▶ Material for this exercise:

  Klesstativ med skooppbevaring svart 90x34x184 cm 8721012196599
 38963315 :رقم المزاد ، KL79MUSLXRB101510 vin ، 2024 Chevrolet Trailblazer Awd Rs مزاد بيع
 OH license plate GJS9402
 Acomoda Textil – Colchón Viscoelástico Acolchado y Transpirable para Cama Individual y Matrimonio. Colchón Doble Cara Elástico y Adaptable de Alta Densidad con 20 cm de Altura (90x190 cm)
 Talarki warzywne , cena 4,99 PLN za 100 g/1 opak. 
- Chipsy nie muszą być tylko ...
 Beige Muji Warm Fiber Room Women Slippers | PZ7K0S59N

* * *

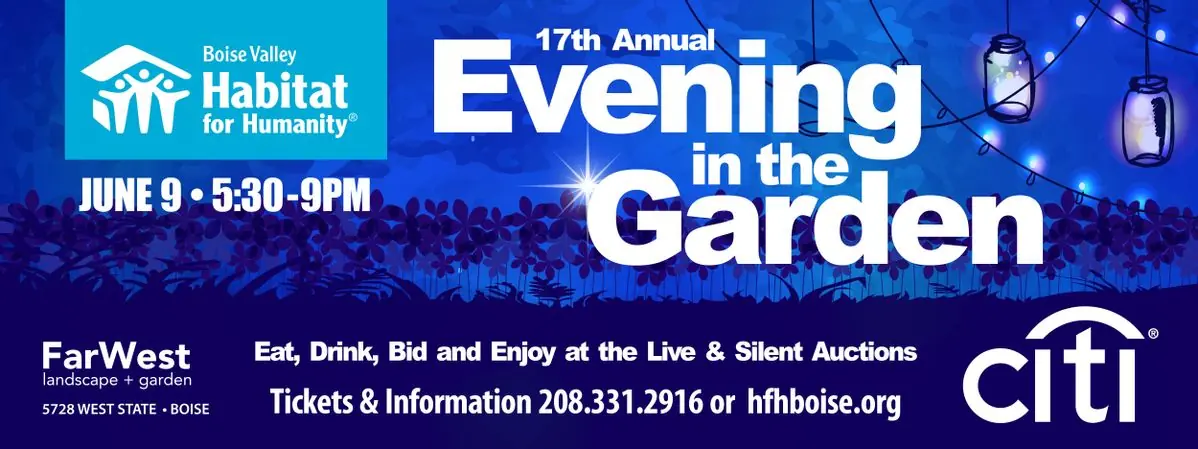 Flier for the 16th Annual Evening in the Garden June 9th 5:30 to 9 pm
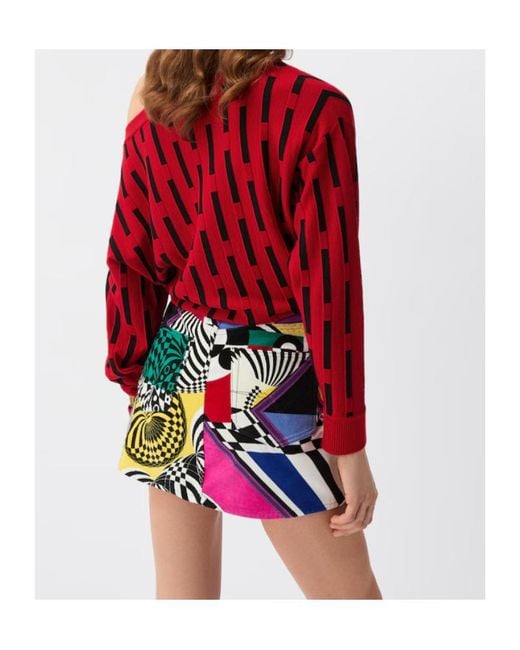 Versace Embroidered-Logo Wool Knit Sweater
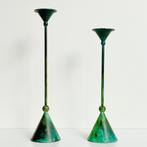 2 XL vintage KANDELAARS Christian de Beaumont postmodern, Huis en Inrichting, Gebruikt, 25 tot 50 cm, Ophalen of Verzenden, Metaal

▶ Goal of the exercise:
Given the data above, transcribe exactly the lines from the one containing "OH license plate GJS9402" down to the one containing "Beige Muji Warm", and no others.

▶ Your response:
 OH license plate GJS9402
 Acomoda Textil – Colchón Viscoelástico Acolchado y Transpirable para Cama Individual y Matrimonio. Colchón Doble Cara Elástico y Adaptable de Alta Densidad con 20 cm de Altura (90x190 cm)
 Talarki warzywne , cena 4,99 PLN za 100 g/1 opak. 
- Chipsy nie muszą być tylko ...
 Beige Muji Warm Fiber Room Women Slippers | PZ7K0S59N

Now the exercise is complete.